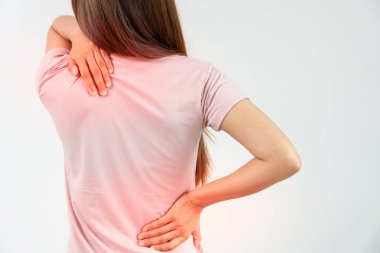 Kadın kendini tutuyor ve dayanılmaz ağrılar çekiyor. Sağlık ve sorunlar, kronik sırt ağrısı, ofis sendromunda sırt ağrısı, skolyoz, bel fıtığı, kas iltihabı.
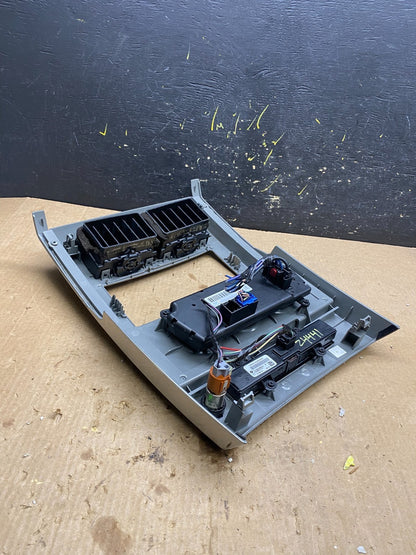 2008 to 2012 Jeep Liberty Dash Climate Temperature Control Radio Bezel Z4441 DG3
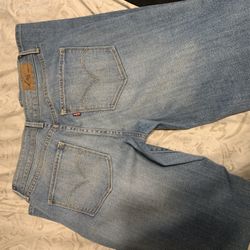 women’s levi  jeans 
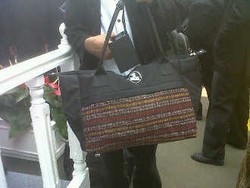 Ini Souvenir Upacara HUT RI Nuansa Sumut yang Diisukan Senilai Rp 1,7 M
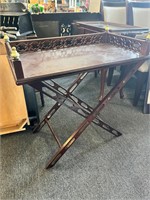 Folding butlers tray table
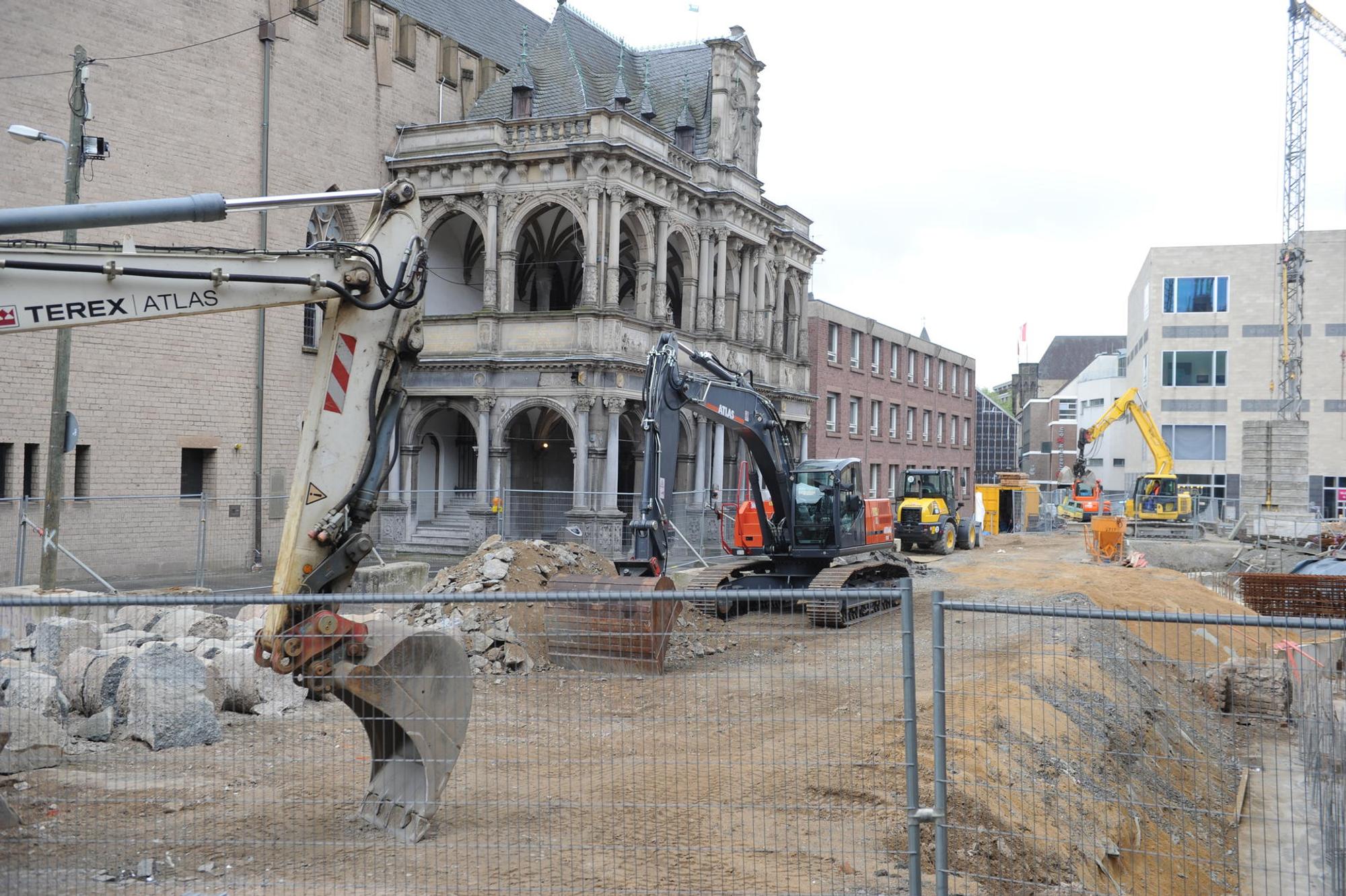 Rathaus Bagger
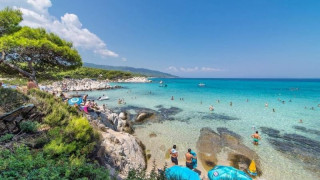 Έφοδος στις παραλίες της Τήνου: Απελευθερώνονται 3.000 τ.μ. αιγιαλού
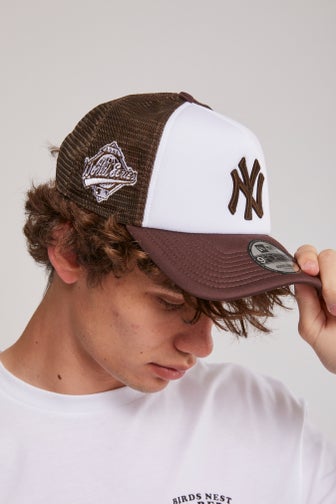 New Era Mlb 9forty A-frame Trucker Earthtones New York Yankees Cap in Brown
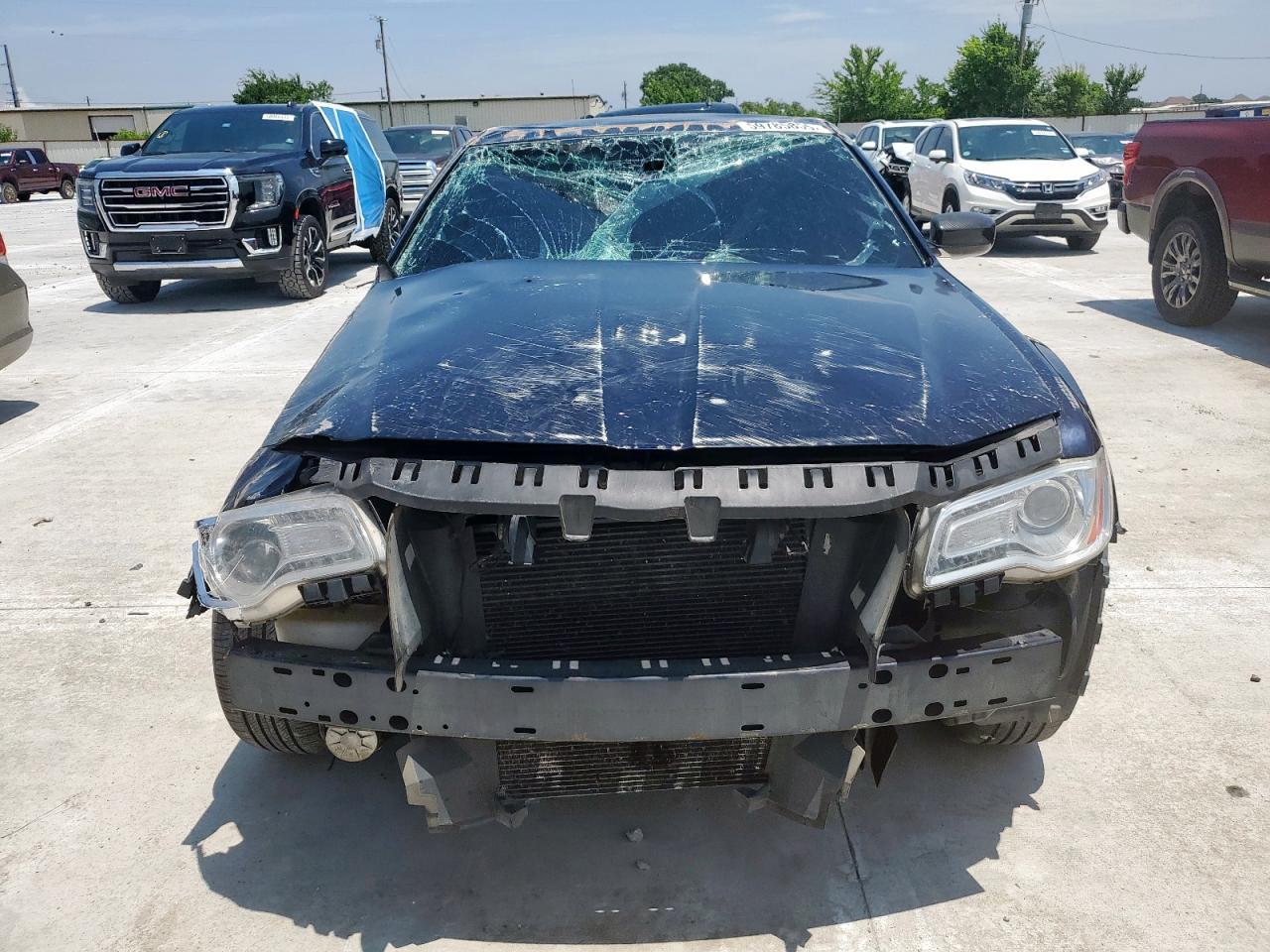 2011 Chrysler 300C - Фото 5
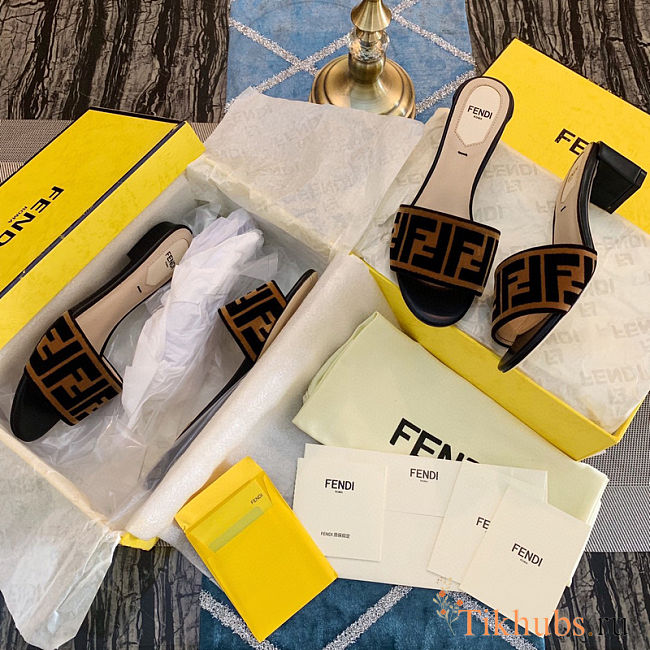 Fendi Shoes 01 - 1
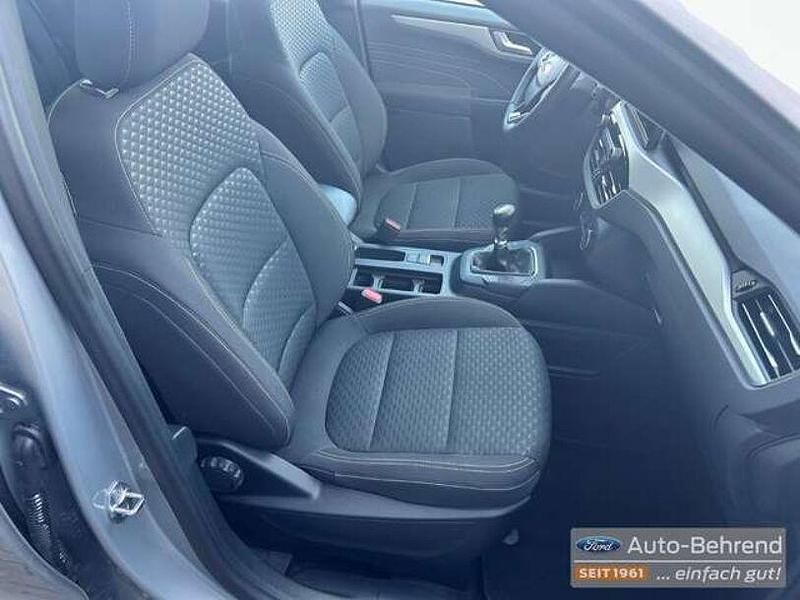 Gebraucht Ford Kuga Cool & Connect 150 PS (110 kW) 2024 Solarsilber SUV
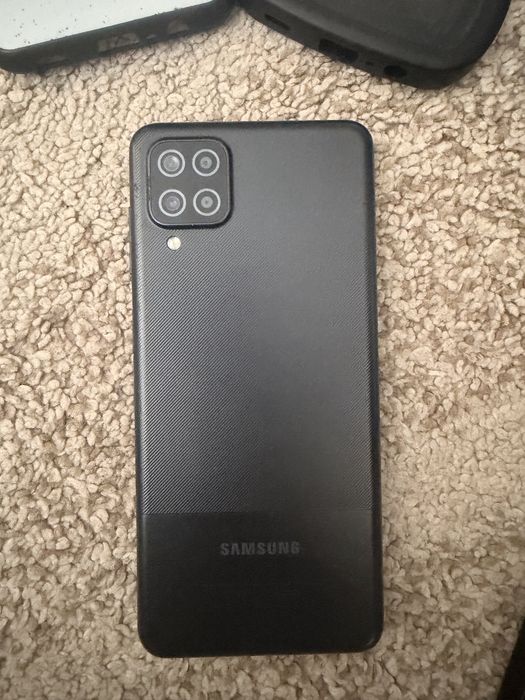 Продам самсунг А12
■ ■ ■
* _Aim of the task_:
Output only the lines from the one that contains "Fendi Shoes 01 - 1" to the end of the entries above, both end lines included, and drop the pictures.

* _Exercise solution_:
 Fendi Shoes 01 - 1
 Gebraucht Ford Kuga Cool & Connect 150 PS (110 kW) 2024 Solarsilber SUV
 Продам самсунг А12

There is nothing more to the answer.